Mein Bruder antwortete nicht, doch die Stille zwischen ihn wurde von einem lauten Knall unterbrochen. Die zweite Backpfeife. Mamas Arm legte sich schützend über meine Ohren, doch ich hörte alles so klar, als würde es sich in meinem Kopf abspielen.
,,Das wird ein Nachspiel haben, Freundchen. Leonas Geburt war Enttäuschung genug, da musst du nicht auch noch Probleme machen. Abmarsch jetzt!"

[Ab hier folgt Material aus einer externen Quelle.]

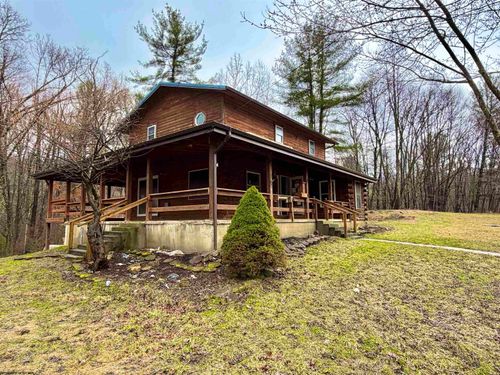 200 Beavertail Dr, Bruceton Mills, WV, 26525-5852 | Card Image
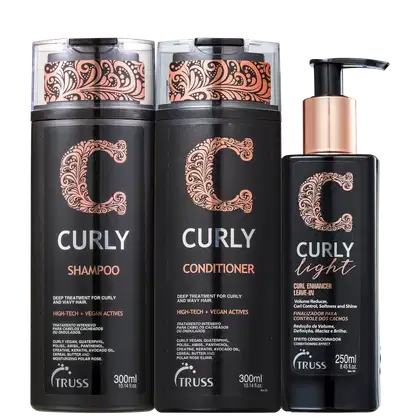 A imagem mostra uma linha de produtos para cabelos da marca Truss. São eles:
- Shampoo Curly Low Poo
- Condicionador Curly
- Ativador de Cachos Curly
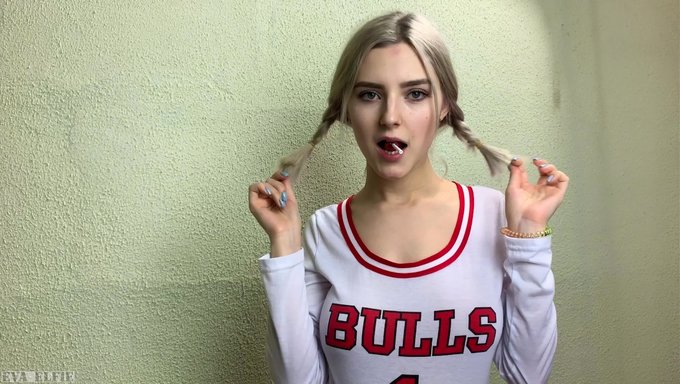 Eva Elfie的口交技巧在高清中全面展示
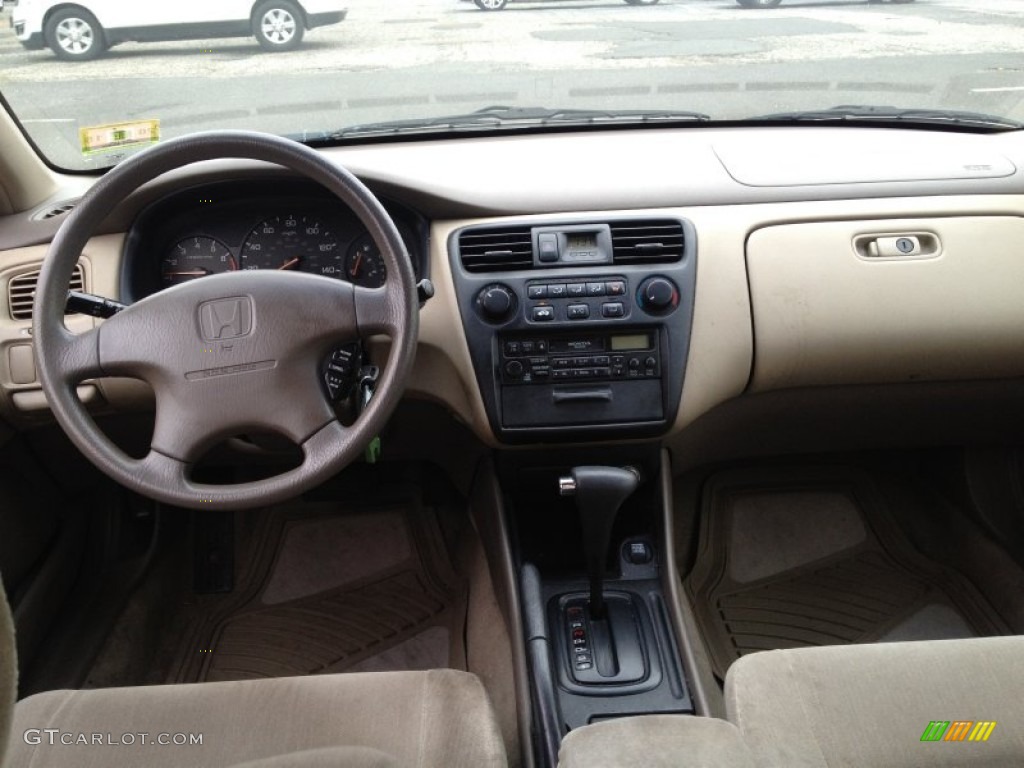 1999 Accord LX Sedan - Taffeta White / Ivory photo #12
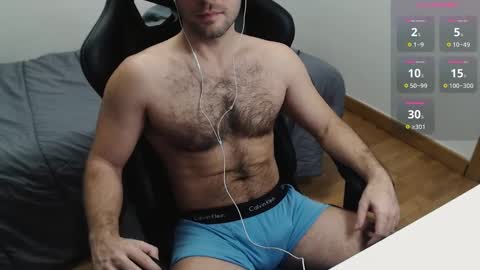 Snapshot of myhairymacho chatting on January 25, 2025, 2:58 am Juan  OF  myhairymacho online show from January 25, 2025, 2:58 am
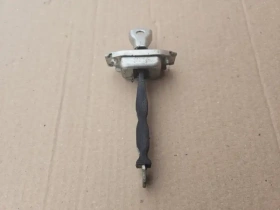 Ограничитель двери Mitsubishi Outlander 3 GF 2012-2022 Задн. Лев.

Mein Atem stockte, als die Beiden zu uns zurückkamen und ich war so froh in diesem Momemt von meiner Mutter gehalten zu werden.
Als mein Vater krank und meine Mutter depressiv wurde, hat Farena sich meiner Erziehung angenommen und ich wurde selten, aber oft genug, von ihn als Erziehungsmaßnahme verprügelt. Ich habe mich manchmal sogar dabei ertappt wie ich Cheka auf Verletzungen kontrollierte, aber mein Bruder würde seinem Sohn nie was antun, weil er ein völlig anderer Mensch ist als damals. Er hat es geschafft sich von Papas Einfluss loszulösen. Er hat es geschafft seinem Peiniger zu verzeihen und ihn mit seiner Magie am Leben zu erhalten.

Als ich in meinem Bett aufwachte und wieder in meinem erwachsenen Körper war, wusste ich, dass es bloß ein Traun war. Bzw. Erinnerungen im Traum. Dennoch, es hat mich ziemlich mitgenommen.